I wrote these notes in 2015, during my residency at Hangar —in the heart of Poblenou itself—, for Paulina, a Chilean artist who had just arrived and needed to find her bearings in the territory before starting to work.

The transformation of Poblenou goes back a long way and follows the renewal process that had already transformed the city’s coastal neighbourhoods in the previous decades.1
I began moving around Poblenou in late 2004 and soon learned to appreciate the decadent beauty of this neighbourhood; decadent but authentic, something increasingly hard to find these days. Even so, Poblenou needed intervention from the administration. The neighbourhood had been forgotten and abandoned for decades: unemployment, lack of services, closed factories, empty lots, burnt-out cars… scenes hard to imagine today. The renewal was necessary, but it has been marked by speculation and by a lack of love for the city’s industrial past. The speculative process has hit the poorest classes of the neighbourhood, leaving many people without a home, with or without family. Many small artisans and family businesses also disappeared, as did dozens of studios for artists, large and small.

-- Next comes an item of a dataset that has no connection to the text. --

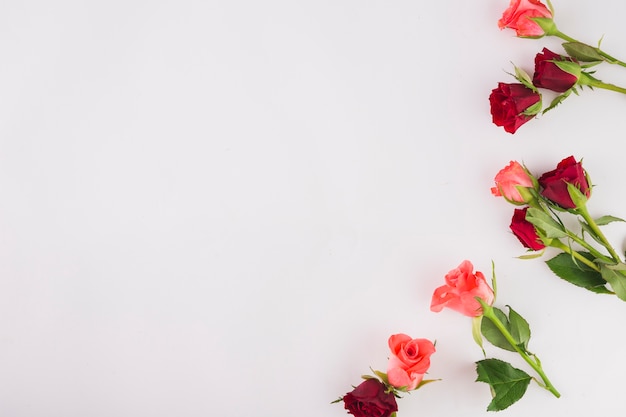 Small rose bouquets on white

In gentrification processes, artists are the first to have to leave, just as they were the first to arrive and open the way. Today it is very difficult for an artist to find a studio, not only because of high prices but also because of the owners’ lack of willingness: many prefer not to make them profitable and to leave the premises empty, probably waiting for the speculative process, blocked by the crisis, to start up again. It was not only a human drama but also an urban-planning disaster: in the process almost all of the neighbourhood’s industrial architectural heritage has been lost2 (Poblenou used to be called «the Catalan Manchester»3, and that defines its industrial value well) and the chance to turn decay into beauty has been squandered. While for us newcomers the result was a disaster, for very many of the old inhabitants who lived through the neighbourhood’s decay and abandonment it was a resurrection. Beaches, decontamination, services, life, cleanliness: in spite of everything, it was a rebirth.

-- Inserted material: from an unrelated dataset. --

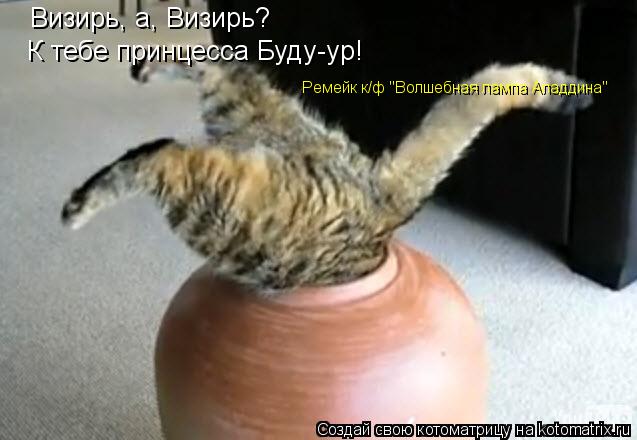 Котоматрица: Визирь, а, Визирь? К тебе принцесса Буду-ур! Ремейк к/ф "Волшебная лампа Аладдина"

With the rebirth came tourism, and with tourism, rising rents and foreign private investment. Buying up buildings, tourist flats, hotels and more hotels. The process has been fast and keeps growing. Tourism in Barcelona has been a problem for some time: the city is bursting and needed to expand in order to keep up the supply. Today, in Poblenou the alarm bells are already ringing, because the tourist tsunami has arrived and residents are up in arms. I still don’t know whether we are in time to prevent the plunder and the destruction of the neighbourhood’s singularity. What is certain is that the only way to stop it is to solve the problem at its root and to rethink tourism in Barcelona.

  1. The renewal of the coastal neighbourhoods that precedes Poblenou’s begins with the 1992 Olympic Games: the plan reorganised the entire seafront between Barceloneta and Poblenou, decontaminated the soil, buried the coastal railway tracks and created beaches —with sand brought in from elsewhere— and the Vila Olímpica on former industrial land. See International Olympic Committee, «Barcelona 1992: a city turning towards the sea» (olympics.com). 

  2. Historical caveat: the loss was great, but not total. The 22@ plan was approved as a Modification of the Metropolitan General Plan on 27 July 2000; in 2006 the City Council added 114 industrial elements and complexes to Barcelona’s Heritage Catalogue. Even so, residents and specialists denounced the demolition of numerous uncatalogued sheds and chimneys. See Ajuntament de Barcelona (MPGM 22@) and M. Checa-Artasu et al., «Poblenou i la reconversió de les fàbriques», Icària. Papers de l’Arxiu Històric del Poblenou, no. 4 (2000) — related note

  3. The documented nickname is «el Manchester català» / «the Catalan Manchester»: it alluded to the huge concentration of textile industry —cotton above all— and to the neighbourhood’s strong labour movement from the mid-19th century onwards, by analogy with the English city. See «Poblenou, la Manchester catalana» (barcelonamemory.com) and «El patrimoni industrial del Poblenou» (El Globus Vermell).